Stealing a line from Chris Lane’s country music hit song Great Plains has “some Big, Big Plans,” with exploding production and jobs in these parts.

“Kubota bought Great Plains to grow it,” said David Disberger, GPM executive vice president.

“Georgia, Kansas City, Texas and Salina are the four strategic growth locations for the company,” he said.

Headquartered at 1525 E. North Street in Salina, Great Plains has agreed to become the North American center for construction equipment manufacturing and the home for the worldwide research and development design center for compact track loaders, (CTLs).

“There will be compact track loaders, and by phase three we’ll be making other construction equipment as well,” Linda Salem said. “We’re moving CTLs from the Asia-Pacific, localizing what was previously produced overseas.” Kubota demand for the CTL to be made in Salina, has exceeded its own original forecast by 25 percent, company officials said, and they’re already in talks about production increases beyond that number.

Great Plains Manufacturing has entered into a contract to purchase a 750,000-square-foot building in Salina — the Signify Building on the south end of town — to house this production.

“This is a company to get behind,” Disberger said, “and it’s family centric with strong values.

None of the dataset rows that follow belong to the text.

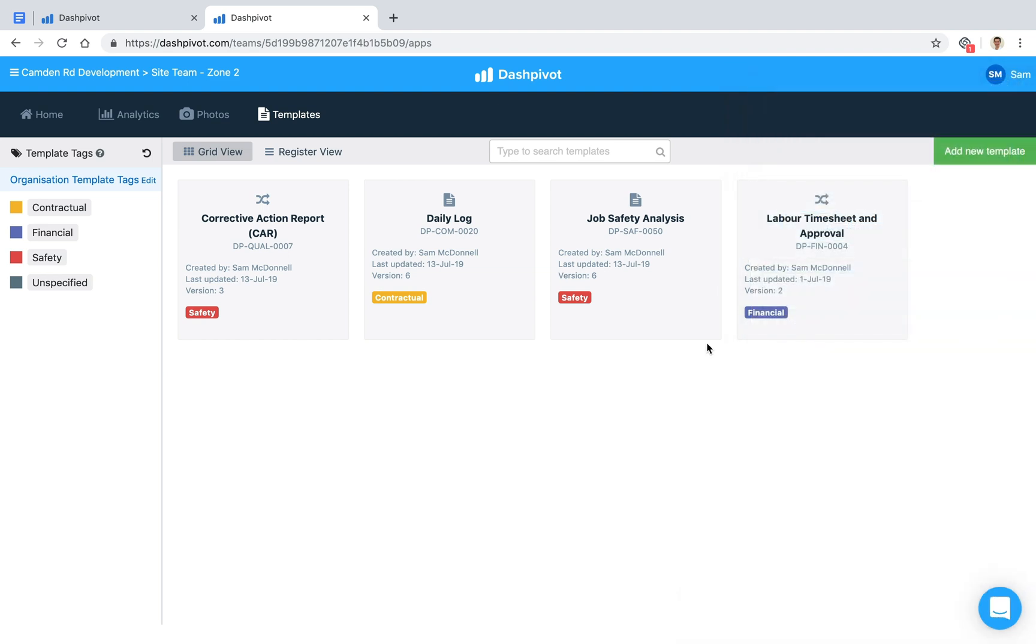That's how you can standardize and streamline the JSA process inside of Dashpivot. I hope this video has been useful. Thanks for watching.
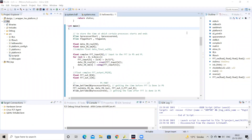Hello everyone. This video is an extension of Lab 11 where we had implemented FFT on the FPGA or PL part of Zynq SoC and compared its output to the software or PS implementation of the FFT. In this lab, we will compare the performance of software implementation and hardware implementation of the FFT.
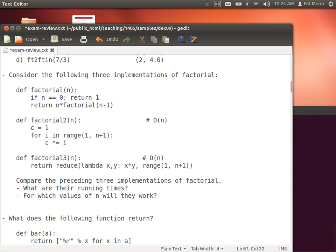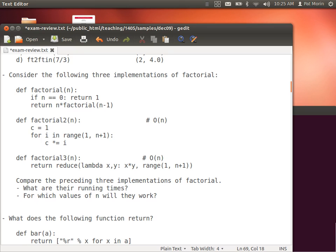What about the recursive one — if n equals 0, return 1, otherwise return n times factorial of n minus 1? If I call it with 5, it calls with 4, then 3, then 2, then 1. Excluding the recursive call, everything inside the function is constant time — we check if something equals zero and do one multiplication. What really matters is how many times the function gets called, and in this case it's called over n times. So all three implementations have the same running time.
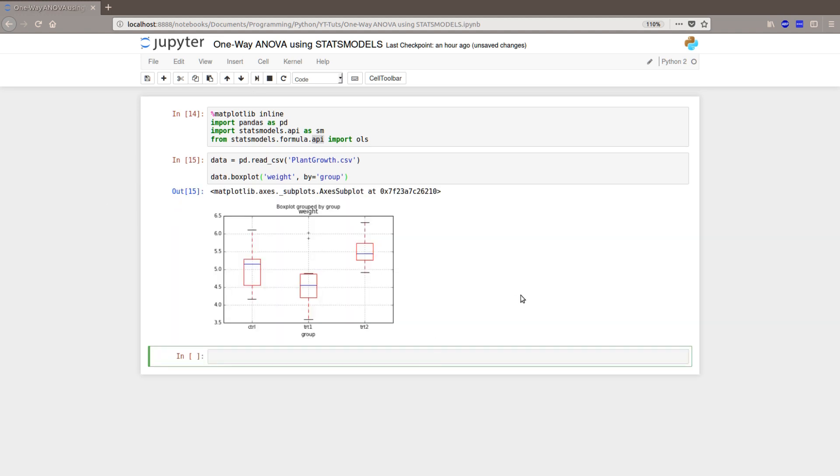Now, this should show us a boxplot. And it did. Look. Boxplot group by group. Weight. So, now we can continue with the ANOVA.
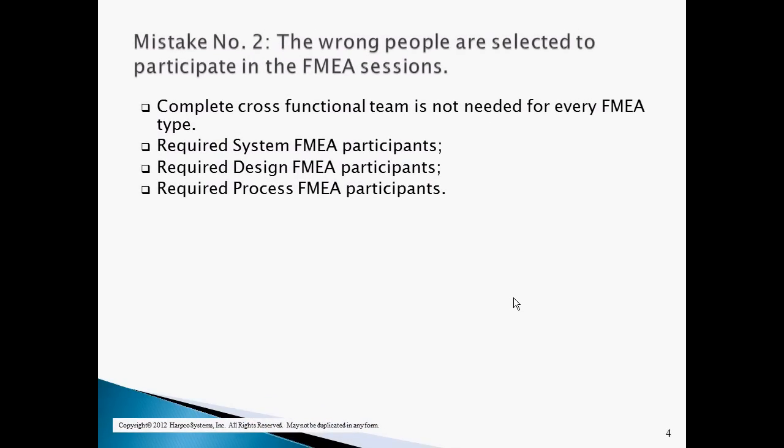The second mistake is that the wrong people are selected to participate in the FMEAs. A complete cross-functional team is not required for every FMEA type. There is nothing worse than having to attend an FMEA that you cannot actively contribute to. System FMEA participants must include people knowledgeable about customer requirements and the design requirements to meet them. Design FMEA participants must include people knowledgeable about the design requirements, the design, and any manufacturability issues. Process FMEA participants must include people knowledgeable about the process, including possible received material issues, equipment operation, and equipment maintenance.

We respect family values.”

Salem has coached many leaders on those core elements.

“Our employees’ wellbeing is important to us,” she said. “People are the cornerstone of our success and an extension of our family.”

The company is a proud supporter of the local communities it serves, and an ever-expanding list of customers, she added.

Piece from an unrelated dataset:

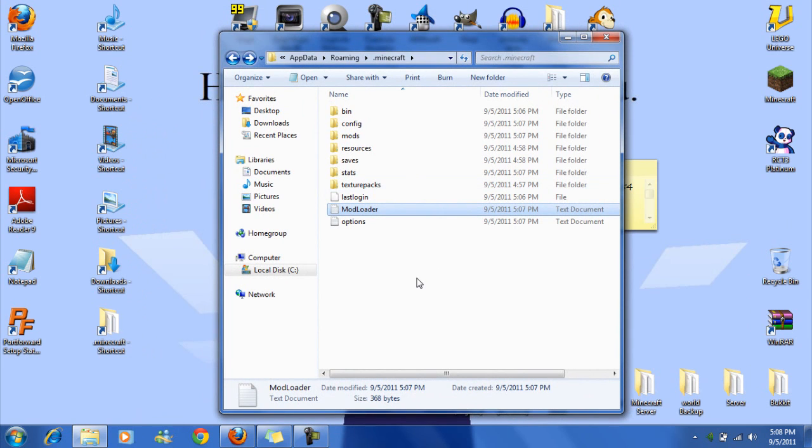So once you do that, you're done. And then you can feel free to install any other mods you want that use mod loader. Thanks for watching. Bye.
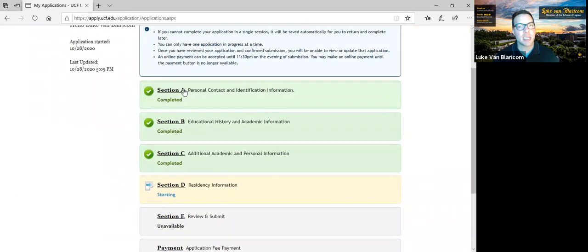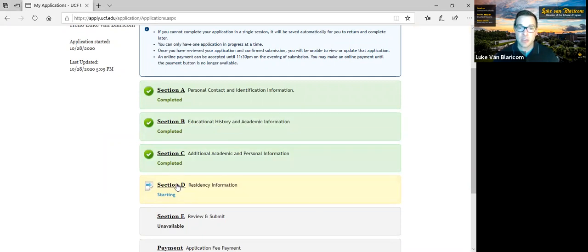Here's some insider information: if you are a freshman applicant, you do not have to stick to the listed topics. If you've written a stellar essay and want to use it for admission purposes within 500 words, you can do one essay of your choice. We suggest these topics but by no means are you limited to them. The essay is something we always strongly recommend for first-time-in-college or freshman applicants. We've now done sections A, B, C, and we're moving on to the residency information.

However, Great Plains can’t do it alone. The company that has opened markets all over the United States and many spots on the globe, needs people to fill job openings beyond the 1,700 already employed, infrastructure and space to manufacture a growing portfolio of products.

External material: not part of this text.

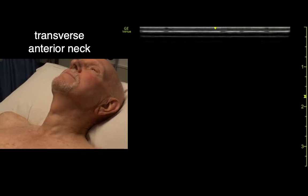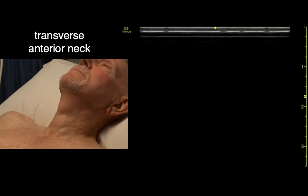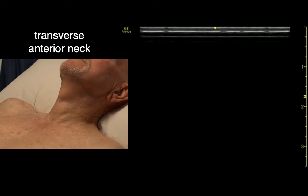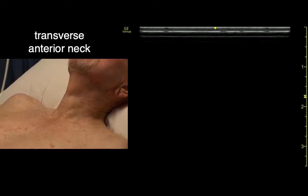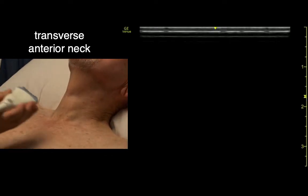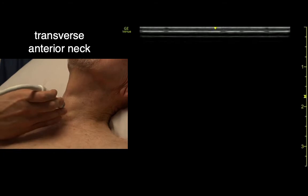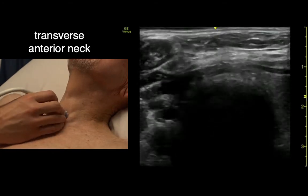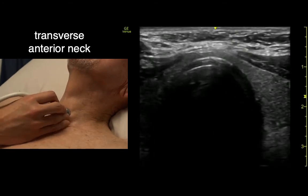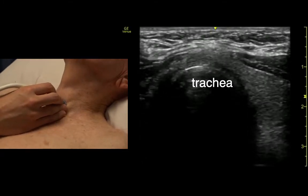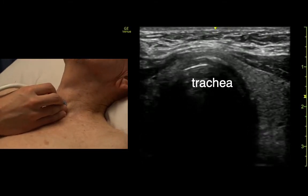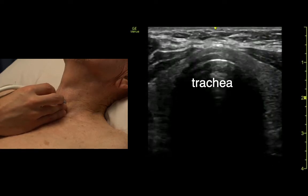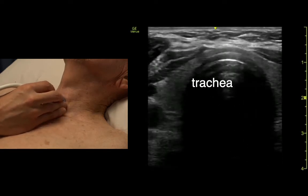We're going to look at a couple of simple basic things in the head and neck. We'll start with identifying the trachea — we might look at this when confirming ET tube placement. Just transverse right on the trachea. The trachea is full of air, so it looks like a ring with reverberation and shadows behind it.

The company desires a partnership with the communities it serves, where leaders are eager to add utilities, education, support housing expansions and prepare to welcome new workers now through 2030. Projections have GPM growing by 450 to 2,110 workers by 2025, with continued growth to 2,310 employees by 2030.

“That may even be low. It’s impressive,” Disberger said.

But planning for this expansion must go beyond the Great Plains conference rooms.

“Our local community leaders don’t yet fully understand our vision,” Disberger said. “Salina needs a call to action. We’ve got to take this growth more seriously, and really focus on housing needs to allow for growth.”

Great Plains endeavors to “be a valuable partner with the communities we work in,” Salem said — Salina, Tipton, Ellsworth, Assaria, Kipp, Abilene and Enterprise.

“We need to let people know that if you’re looking for a job, and many will be available at all levels, these towns can be your home,” Disberger said.

Great Plains/Kubota’s future is hinged to “a well-balanced, diversified business model built on different industries with expectations of withstanding market cycles,” Salem said.

For example, Land Pride’s continuous growth, albeit with seasonal flows have fit nicely with Great Plains Ag Division’s seasonal flows. Counterbalances are built in.

Each division has its product strengths and there are new product lines being added in each.

Great Plains Ag continues to manufacture implements for seed placements (drills and planters) and seedbed preparation and soil management. Now the Ag Division is into hay and forage products, such as round balers.

Land Pride persists in expanding attachments aligned with Kubota tractors and construction machines.

The company pursues “innovative products that exceeds the needs and expectations of customers,” Disberger said.

The Land Pride division projects another record-breaking year in revenues. Great Plains Ag has escalating revenue levels as well. Historically, when one division slows, another picks up slack, Salem said, and thanks to the added product balance of power construction equipment, expectations for stable overall business are high.

Great Plains Manufacturing is committed to investing millions of dollars into remodeling and adding on to its regional facilities and equipment.

An average investment per year for the past few years exceeds $14 million in the plants outside of Salina and $9 million within Salina, not including the new construction equipment building, where plans are immense. But there are challenges.

“Success will be very dependent on attracting workers to our company and to our communities,” Salem said. “With the community working together with industry right here in the nation’s midsection, big goals will come to fruition, and the next 45 years will be as successful as the first.”